# What to work on
Print the data that follows exactly as it stands, from its first line through the line containing "Image d'un maison", and stop there.
━━━━━━━━
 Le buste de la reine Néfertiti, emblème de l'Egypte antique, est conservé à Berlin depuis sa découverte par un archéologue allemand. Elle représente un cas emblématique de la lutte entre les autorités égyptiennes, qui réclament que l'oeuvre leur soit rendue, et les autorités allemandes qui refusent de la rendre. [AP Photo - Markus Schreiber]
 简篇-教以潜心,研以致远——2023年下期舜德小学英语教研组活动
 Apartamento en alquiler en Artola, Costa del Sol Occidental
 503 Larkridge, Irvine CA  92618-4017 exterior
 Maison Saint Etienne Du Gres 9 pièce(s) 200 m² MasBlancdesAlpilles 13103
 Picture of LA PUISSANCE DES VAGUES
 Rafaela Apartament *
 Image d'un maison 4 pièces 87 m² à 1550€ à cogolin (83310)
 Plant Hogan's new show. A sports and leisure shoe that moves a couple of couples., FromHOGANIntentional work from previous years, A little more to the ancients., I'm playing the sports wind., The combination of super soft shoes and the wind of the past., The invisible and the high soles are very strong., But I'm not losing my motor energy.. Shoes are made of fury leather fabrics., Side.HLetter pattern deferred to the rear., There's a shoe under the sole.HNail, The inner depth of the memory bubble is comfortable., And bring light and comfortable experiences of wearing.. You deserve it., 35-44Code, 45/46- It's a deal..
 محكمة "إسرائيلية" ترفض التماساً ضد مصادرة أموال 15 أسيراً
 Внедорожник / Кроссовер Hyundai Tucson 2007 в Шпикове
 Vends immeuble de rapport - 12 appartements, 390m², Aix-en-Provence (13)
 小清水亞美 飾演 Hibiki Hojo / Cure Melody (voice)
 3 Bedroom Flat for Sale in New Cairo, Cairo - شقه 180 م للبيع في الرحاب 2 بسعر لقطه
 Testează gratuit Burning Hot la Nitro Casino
━━━━━━━━
# Task response
 Le buste de la reine Néfertiti, emblème de l'Egypte antique, est conservé à Berlin depuis sa découverte par un archéologue allemand. Elle représente un cas emblématique de la lutte entre les autorités égyptiennes, qui réclament que l'oeuvre leur soit rendue, et les autorités allemandes qui refusent de la rendre. [AP Photo - Markus Schreiber]
 简篇-教以潜心,研以致远——2023年下期舜德小学英语教研组活动
 Apartamento en alquiler en Artola, Costa del Sol Occidental
 503 Larkridge, Irvine CA  92618-4017 exterior
 Maison Saint Etienne Du Gres 9 pièce(s) 200 m² MasBlancdesAlpilles 13103
 Picture of LA PUISSANCE DES VAGUES
 Rafaela Apartament *
 Image d'un maison 4 pièces 87 m² à 1550€ à cogolin (83310)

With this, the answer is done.